=== What to work on ===
Gather each line containing the string "desert" from these entries.

=== Supplied data ===
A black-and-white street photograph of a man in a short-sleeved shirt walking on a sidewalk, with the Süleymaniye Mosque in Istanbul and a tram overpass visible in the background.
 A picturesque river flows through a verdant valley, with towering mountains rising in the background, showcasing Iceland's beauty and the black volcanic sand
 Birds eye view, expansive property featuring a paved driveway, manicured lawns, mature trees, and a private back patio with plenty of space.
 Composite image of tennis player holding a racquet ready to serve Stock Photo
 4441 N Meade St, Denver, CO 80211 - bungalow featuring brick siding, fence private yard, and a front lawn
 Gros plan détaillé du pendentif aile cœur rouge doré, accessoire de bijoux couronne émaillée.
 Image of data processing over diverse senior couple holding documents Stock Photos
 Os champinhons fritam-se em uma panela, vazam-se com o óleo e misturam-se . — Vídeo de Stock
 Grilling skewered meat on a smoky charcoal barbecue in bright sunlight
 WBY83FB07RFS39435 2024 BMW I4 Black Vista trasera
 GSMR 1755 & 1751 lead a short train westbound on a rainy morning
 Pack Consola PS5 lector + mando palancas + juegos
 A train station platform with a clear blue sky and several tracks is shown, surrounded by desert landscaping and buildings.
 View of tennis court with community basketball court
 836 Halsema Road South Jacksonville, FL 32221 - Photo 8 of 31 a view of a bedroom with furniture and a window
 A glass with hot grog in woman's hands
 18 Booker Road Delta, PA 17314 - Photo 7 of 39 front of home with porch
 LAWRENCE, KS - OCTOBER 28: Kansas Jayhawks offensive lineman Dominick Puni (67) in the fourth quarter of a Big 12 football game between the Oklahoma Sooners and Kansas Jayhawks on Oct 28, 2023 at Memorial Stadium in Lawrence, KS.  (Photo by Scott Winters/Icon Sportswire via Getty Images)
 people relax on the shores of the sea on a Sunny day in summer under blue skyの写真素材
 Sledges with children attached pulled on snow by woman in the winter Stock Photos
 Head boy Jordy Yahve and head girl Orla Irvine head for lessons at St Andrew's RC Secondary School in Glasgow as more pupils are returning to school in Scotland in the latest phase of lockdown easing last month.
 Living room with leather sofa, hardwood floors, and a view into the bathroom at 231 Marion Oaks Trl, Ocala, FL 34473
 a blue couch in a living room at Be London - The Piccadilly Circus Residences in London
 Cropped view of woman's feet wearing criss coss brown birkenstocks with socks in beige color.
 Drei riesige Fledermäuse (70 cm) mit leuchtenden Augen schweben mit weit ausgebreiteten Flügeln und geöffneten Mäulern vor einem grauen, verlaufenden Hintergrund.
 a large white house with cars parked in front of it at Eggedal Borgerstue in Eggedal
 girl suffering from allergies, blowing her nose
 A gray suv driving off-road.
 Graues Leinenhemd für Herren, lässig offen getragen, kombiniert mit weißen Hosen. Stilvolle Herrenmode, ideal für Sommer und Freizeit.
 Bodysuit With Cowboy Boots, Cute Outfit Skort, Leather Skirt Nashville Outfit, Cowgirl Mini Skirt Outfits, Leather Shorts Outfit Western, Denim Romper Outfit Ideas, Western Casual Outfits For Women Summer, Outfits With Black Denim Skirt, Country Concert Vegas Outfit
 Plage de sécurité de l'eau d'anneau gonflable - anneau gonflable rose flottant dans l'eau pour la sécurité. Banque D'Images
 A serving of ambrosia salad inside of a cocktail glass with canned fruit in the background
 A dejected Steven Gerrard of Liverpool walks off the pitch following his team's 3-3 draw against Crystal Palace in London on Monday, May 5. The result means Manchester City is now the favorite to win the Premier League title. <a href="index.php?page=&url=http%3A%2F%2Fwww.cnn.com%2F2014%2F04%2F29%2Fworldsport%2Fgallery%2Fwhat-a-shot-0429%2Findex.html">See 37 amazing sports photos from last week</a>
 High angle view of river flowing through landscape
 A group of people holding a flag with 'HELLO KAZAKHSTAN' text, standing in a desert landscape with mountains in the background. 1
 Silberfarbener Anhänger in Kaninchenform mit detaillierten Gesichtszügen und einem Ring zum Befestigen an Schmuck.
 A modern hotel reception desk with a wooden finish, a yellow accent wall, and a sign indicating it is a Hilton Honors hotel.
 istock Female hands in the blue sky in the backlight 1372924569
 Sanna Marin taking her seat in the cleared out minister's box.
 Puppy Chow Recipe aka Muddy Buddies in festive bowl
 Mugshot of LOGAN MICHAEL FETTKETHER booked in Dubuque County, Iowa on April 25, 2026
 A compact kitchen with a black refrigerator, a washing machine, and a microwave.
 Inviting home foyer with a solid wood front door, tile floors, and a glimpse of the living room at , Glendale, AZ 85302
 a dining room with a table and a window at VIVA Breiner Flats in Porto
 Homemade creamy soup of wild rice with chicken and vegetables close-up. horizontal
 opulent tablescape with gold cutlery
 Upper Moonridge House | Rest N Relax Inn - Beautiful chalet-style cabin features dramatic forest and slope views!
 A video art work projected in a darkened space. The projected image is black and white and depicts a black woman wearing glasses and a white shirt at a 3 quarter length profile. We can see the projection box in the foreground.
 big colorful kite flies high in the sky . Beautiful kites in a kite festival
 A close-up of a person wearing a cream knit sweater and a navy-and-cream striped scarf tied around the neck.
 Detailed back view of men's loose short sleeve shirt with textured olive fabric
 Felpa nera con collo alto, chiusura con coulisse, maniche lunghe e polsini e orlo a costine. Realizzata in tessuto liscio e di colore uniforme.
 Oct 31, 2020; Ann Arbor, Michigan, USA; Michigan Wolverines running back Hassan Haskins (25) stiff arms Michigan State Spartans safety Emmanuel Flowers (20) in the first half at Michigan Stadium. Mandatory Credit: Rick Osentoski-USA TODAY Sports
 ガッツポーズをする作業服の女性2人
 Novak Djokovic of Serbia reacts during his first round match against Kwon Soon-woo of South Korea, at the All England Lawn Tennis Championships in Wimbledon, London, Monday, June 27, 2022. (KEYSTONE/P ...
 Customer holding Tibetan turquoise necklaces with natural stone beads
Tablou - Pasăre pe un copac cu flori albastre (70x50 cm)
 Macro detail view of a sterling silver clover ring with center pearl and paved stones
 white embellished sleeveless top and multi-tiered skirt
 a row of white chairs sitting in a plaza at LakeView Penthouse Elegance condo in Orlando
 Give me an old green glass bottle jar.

=== Solution for this task ===
 A train station platform with a clear blue sky and several tracks is shown, surrounded by desert landscaping and buildings.
 A group of people holding a flag with 'HELLO KAZAKHSTAN' text, standing in a desert landscape with mountains in the background. 1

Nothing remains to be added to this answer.